🐉 El Dulce Sueño de Antonio con los Dragones Amigos

2-2 años · 5 min

🐉 El Dulce Sueño de Antonio con los Dragones Amigos
Antonio, mi pequeño tesoro de ojos brillantes, ya está calentito en su camita. Afuera, la luna asoma por la ventana y las estrellas titilan como pequeños diamantes. Es la hora de cerrar los ojitos y dejar que los sueños vengan a visitarte. Tu almohada es suavecita, tu mantita te abraza con cariño, y todo en la habitación te dice 'shhh, es hora de soñar bonito'. ¿Sabes qué aventuras te esperan esta noche? Con el corazón lleno de paz y la imaginación lista, quizás, si escuchas con atención, oirás un suave aleteo muy, muy lejano que te llevará a un lugar mágico. Un lugar lleno de sorpresas y amigos especiales.

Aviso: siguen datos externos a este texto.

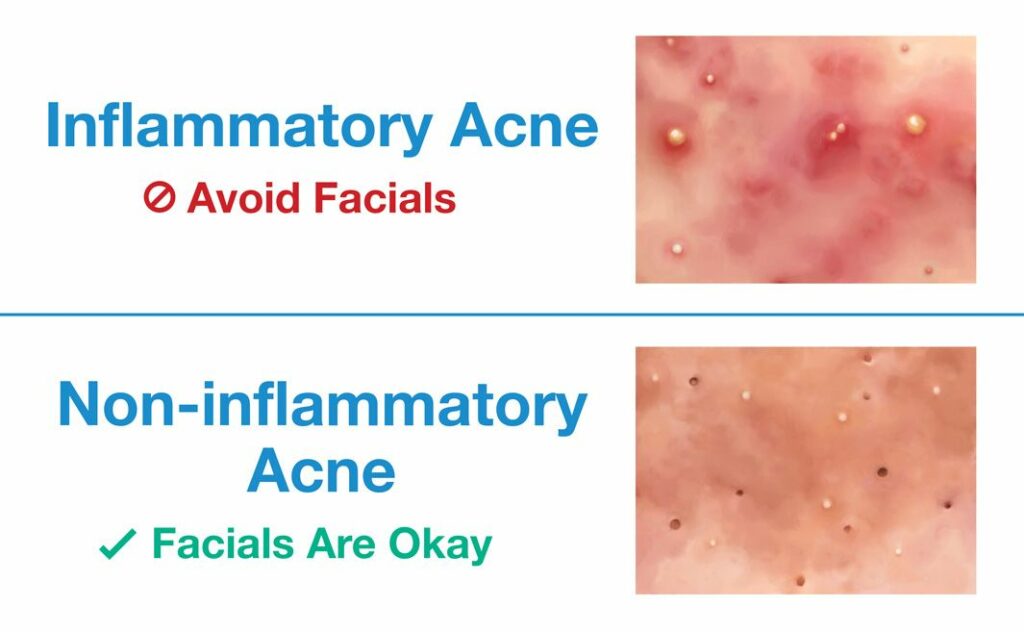 Avoid Facials for Inflammatory Acne but Facials Are Okay for Non-inflammatory Acne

Mientras Antonio respiraba despacito, su camita se transformó en una suave nube que flotaba. ¡Guau! Estaba llegando a un valle secreto, un lugar donde el cielo era de color algodón de azúcar y las flores brillaban con todos los colores del arcoíris. Y ahí, ¡mira! No uno, sino muchos dragones. Pero no eran dragones grandes y ruidosos, ¡oh no! Eran dragones pequeños, del tamaño de un perrito grande, con escamas que parecían de terciopelo y alas que brillaban como pompas de jabón. Había un dragón azul, otro rosa, uno verde limón y uno amarillo como el sol.

Antonio sonrió al verlos. Eran tan suaves y amigables. Se acercó despacito a uno de color naranja que estaba sentado solo, con la cabeza un poquito baja. Parecía un poco tímido o tal vez un poco triste. Antonio, que tiene un corazón tan grande, se dio cuenta. ¿Qué podía hacer? Se agachó y le ofreció una de sus manitas abiertas. 'Hola, dragoncito naranja', susurró con voz dulce. El dragoncito levantó la cabeza y miró a Antonio con sus grandes ojos brillantes. Eran como dos canicas de ámbar.

El dragoncito movió su colita suavemente, como un perrito contento. Antonio se atrevió a estirar su mano y acarició una de sus escamas. ¡Era tan suave! El dragón ronroneó, un sonido como de un gatito muy grande y feliz. Ya no parecía triste. Antonio sintió una alegría muy calentita en su barriga. Se dio cuenta de que el dragoncito solo necesitaba un poquito de cariño y alguien que le prestara atención.

Entonces, el dragoncito naranja le dio un suave cabezazo en la pierna, como invitándole a jugar. Juntos, Antonio y el dragón corrieron por el valle de las flores. El dragoncito abría sus alitas y daba pequeños saltitos, como si quisiera volar pero con suavidad. Antonio reía a carcajadas. Los otros dragones, al verlos jugar, también se unieron, volando bajito y haciendo remolinos de colores en el aire. ¡Qué fiesta de dragones tan bonita! Antonio se sentía muy feliz, sabiendo que había ayudado al dragoncito naranja a sentirse mejor y a unirse a la diversión. Todos jugaban juntos, con risas y aleteos suaves, en aquel maravilloso valle de sueños.

El tiempo pasó volando en aquel valle de dragones amigables. Antonio sentía su corazón lleno de alegría y de una calidez especial. El dragoncito naranja se acercó una última vez y le dio un lametón suave en la mejilla, como un 'gracias' muy especial. Los otros dragones hicieron un círculo alrededor de Antonio, moviendo sus cabezas y sus colitas, despidiéndose con cariño. El cielo de algodón de azúcar empezaba a cambiar a un tono más oscuro, como si la noche mágica estuviera llegando a su fin.

Antonio sintió que su suave nube de la camita lo llamaba de vuelta. Se despidió con la mano de sus nuevos amigos dragones. Mientras flotaba de regreso, los recuerdos de sus escamas suaves y sus ojos brillantes se quedaban grabados en su corazón. Qué aventura tan especial había vivido, ayudando a un amigo y compartiendo risas. Poco a poco, Antonio sintió su mantita de nuevo y la suavidad de su almohada. Abrió un poquito los ojos. Estaba de vuelta en su camita, calentito y seguro. Pero el recuerdo de los dragones amigables y su sonrisa llenaban la habitación. Se acurrucó, sintiendo la misma calidez que sintió con el dragoncito naranja. Sabía que fue una noche especial, llena de cariño y de la magia de la amistad. Ahora, Antonio puede dormir plácidamente, soñando con más aventuras y con el dulce ronroneo de sus amigos dragones. Dulces sueños, mi pequeño Antonio.